There is plenty of material on running horror in a RPG. Heroes of Horror from WotC, Ravenloft, OGL Horror, Call of Cthulhu, and Darkness and Dread. Each has little tips to help scare the players and not just the characters.
Depends on the type of horror you are running. You can take a monster the players do know all too well, and put it in a campaign where the players have less resources then normal and that mundane monster can become deadly if the players know they don't have the means to by-pass the DR or to stop the regeneration. (This is a flip on the traditional approach of revealing as little of the monster as possible which is also a valid tactic)
Taking away powers the players normally have access to can also be scary (even if its only temporary). What if something is interfering and the Cleric can no longer gain spells from their god or the wizard is unable to cast spells? Are they losing their powers while in certain places, or while in the presence of certain creatures?
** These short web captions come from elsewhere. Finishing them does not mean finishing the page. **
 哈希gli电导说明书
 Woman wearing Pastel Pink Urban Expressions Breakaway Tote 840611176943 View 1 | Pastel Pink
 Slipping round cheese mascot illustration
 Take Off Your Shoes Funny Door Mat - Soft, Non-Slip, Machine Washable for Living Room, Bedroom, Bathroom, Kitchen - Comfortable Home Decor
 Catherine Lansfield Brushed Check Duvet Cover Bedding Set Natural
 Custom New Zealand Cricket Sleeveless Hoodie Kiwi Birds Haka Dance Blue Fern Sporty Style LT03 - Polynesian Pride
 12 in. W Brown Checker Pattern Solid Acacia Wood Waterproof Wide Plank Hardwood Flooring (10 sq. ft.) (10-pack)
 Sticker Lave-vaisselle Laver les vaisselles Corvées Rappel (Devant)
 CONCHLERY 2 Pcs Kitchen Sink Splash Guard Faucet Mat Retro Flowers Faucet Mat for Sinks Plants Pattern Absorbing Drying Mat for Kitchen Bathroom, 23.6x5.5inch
Is it consistent or random? Feeling helpless is a cornerstone of terror.
Then throw on top some unusually activity to unnerve them. Perhaps as the weather turns worse it begins to rain eyes. Maybe the next town the players come across, everyone is gone, or the townsfolk seem kinda creepy, both of which leave the players feeling isolated.
What if the players are facing something that not only can see into their minds, but actively speaking to them in the back of their mind. While talking to the town guard, the monster speaks to them, tells them not to trust the watch, the guards are corrupt. While in the library researching the monster, the monster tells them "No not that book, you want the one next to it, consult chapter 5." "No not the silver daggers, you will want cold iron and holy water." The monster could be playing with them to mislead them, if they think its lying they might make the wrong choices by being told the right ones. The monster might be toying with them if it feels they are too weak to actually defeat it.
These are just a few ideas from the many we have to work with. Horror isn't easy in a table set up. But like any problem there are solutions that can be worked through. The goal is to unnerve the players and their characters by what we do in game and outside the game. The primary way to do this is by taking some control of the situation away from the players. Being overwhelmed, isolated, without options, without resources, being in the dark, not knowing what is going on, no escape. By all means mix and match these ideas, though don't us all at once, might be too much then.